Dans une situation de harcèlement scolaire, l'enfant victime de harcèlement ne sera pas entendu[citation nécessaire] (par ses parents ou le personnel éducatif) ou son statut de victime sera retourné contre lui : des éléments inhérents à sa personne expliqueraient qu'il attire à lui les violences et justifieront l'inaction de l'entourage familial ou pédagogique pour le protéger.
Le gaslighting est très régulièrement utilisé par les sociopathes. Les sociopathes sont des personnes qui, sur une base très régulière, exploitent les autres, n'ont pas de considération pour les intérêts d'autrui et transgressent les lois et les mœurs sociales. Mais lorsque ces derniers sont charismatiques ou bons menteurs, ils peuvent rester indétectés de leurs victimes et des autorités punitives, parfois même pris en flagrant délit. Pour y arriver, ils amènent leurs victimes à douter abusivement de leurs propres perceptions[24].
Selon Ramani Durvasula (en), psychologue clinicienne, ressentir un besoin d'enregistrer ses conversations avec une personne, pour être sûr de ne pas avoir inventé des choses, indique que l'on est très probablement victime de gaslighting[15].
Parmi d'autres indices, une culpabilité systématique : se dire « c'est (toujours) de ma faute » au moindre désagrément.
Dans un article influent de 1981, « Some Clinical Consequences of Introjection: Gaslighting » (« Quelques conséquences cliniques de l'introjection : gaslighting »), Calef et Weinshel débattent du fait que le gaslighting implique l'introjection et la projection d'un conflit psychique de l'auteur à la victime. « Cette imposition est basée sur un type de transfert très particulier de conflits psychiques dangereux ou potentiellement dangereux pour leur sujet »[25].
Les auteurs explorent une variété de raisons qui expliqueraient pourquoi la victime pourrait avoir « une tendance à assimiler et incorporer ce que les autres extériorisent et projettent sur eux » et concluent que le gaslighting pourrait être une « configuration structurelle hautement complexe qui englobe les contributions de plusieurs éléments de l'appareil psychique »[25].

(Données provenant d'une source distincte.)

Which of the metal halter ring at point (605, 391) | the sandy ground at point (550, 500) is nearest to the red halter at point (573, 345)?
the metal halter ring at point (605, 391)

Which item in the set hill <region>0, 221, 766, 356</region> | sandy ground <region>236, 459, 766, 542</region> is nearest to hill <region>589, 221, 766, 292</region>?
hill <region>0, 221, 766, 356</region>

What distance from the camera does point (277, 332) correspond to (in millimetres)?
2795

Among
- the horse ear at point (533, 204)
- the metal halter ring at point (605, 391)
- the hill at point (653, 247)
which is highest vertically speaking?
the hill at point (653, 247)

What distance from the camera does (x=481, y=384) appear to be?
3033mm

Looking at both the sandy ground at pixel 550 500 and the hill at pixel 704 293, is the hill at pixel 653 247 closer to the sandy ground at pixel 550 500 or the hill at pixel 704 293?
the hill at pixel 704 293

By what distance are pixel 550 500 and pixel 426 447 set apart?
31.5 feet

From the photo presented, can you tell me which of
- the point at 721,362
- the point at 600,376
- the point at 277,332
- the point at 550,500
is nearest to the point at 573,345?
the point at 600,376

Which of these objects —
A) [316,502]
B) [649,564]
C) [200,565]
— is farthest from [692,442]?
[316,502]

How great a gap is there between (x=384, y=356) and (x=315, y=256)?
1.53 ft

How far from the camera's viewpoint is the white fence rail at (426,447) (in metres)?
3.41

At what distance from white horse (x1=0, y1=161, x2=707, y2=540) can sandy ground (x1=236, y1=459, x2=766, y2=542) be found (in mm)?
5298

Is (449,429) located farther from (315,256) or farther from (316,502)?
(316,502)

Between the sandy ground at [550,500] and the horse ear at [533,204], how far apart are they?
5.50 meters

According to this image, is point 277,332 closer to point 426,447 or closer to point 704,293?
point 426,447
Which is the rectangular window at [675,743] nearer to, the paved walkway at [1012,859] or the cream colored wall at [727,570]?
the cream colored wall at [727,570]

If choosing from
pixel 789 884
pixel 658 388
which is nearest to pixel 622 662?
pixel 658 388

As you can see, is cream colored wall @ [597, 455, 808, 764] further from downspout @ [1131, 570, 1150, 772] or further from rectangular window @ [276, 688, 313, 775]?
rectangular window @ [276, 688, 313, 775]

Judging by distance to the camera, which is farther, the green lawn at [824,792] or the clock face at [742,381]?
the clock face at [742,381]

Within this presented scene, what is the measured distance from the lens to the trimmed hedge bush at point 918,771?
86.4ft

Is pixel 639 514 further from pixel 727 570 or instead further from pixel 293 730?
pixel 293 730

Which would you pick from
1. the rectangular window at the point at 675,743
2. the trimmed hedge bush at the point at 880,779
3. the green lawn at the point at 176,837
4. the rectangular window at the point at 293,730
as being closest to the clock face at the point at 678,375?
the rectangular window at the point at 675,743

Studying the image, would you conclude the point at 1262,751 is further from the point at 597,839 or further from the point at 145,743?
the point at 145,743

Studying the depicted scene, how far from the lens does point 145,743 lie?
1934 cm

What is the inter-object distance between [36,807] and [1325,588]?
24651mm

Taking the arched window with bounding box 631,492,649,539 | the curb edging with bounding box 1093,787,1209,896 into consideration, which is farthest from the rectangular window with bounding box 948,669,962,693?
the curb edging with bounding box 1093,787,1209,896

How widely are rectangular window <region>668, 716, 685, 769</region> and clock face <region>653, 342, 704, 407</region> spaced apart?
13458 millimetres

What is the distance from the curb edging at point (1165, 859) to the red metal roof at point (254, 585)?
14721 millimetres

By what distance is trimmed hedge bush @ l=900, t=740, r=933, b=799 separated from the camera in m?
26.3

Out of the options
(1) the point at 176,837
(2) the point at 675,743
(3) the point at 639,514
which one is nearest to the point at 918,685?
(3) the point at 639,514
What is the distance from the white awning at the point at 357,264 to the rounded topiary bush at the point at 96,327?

Hilde Lindemann argumente énergiquement sur le fait que l'habileté de la victime de gaslighting à résister à la manipulation dépend notamment de « son aptitude à faire confiance à ses propres jugements ». L'établissement de « contre-récits » aide la victime à retrouver « un libre-arbitre plus solide »[25].
La victime doit apprendre à douter des perceptions et messages d'autrui au moins autant qu'elle doute de ses propres perceptions. Elle doit en particulier identifier et remettre en question les perceptions qu'elle doit à autrui, même partiellement, par opposition aux perceptions qu'elle ne tient que de son expérience sensorielle propre. Elle doit apprendre à décrire ses souffrances factuellement sans minimisation, au plus proche de ce qu'elle ressent et en toute indépendance d'autrui.
Une victime de gaslighting développe souvent des cognitions autodestructrices qui la rendent hypertolérante à la critique, à la dévalorisation et à la violence. Pour les aider, les acteurs extérieurs doivent savoir se mettre à la place de la victime, être patients, compatissants, prudents et prompts à remettre leur propre perception de la victime en question.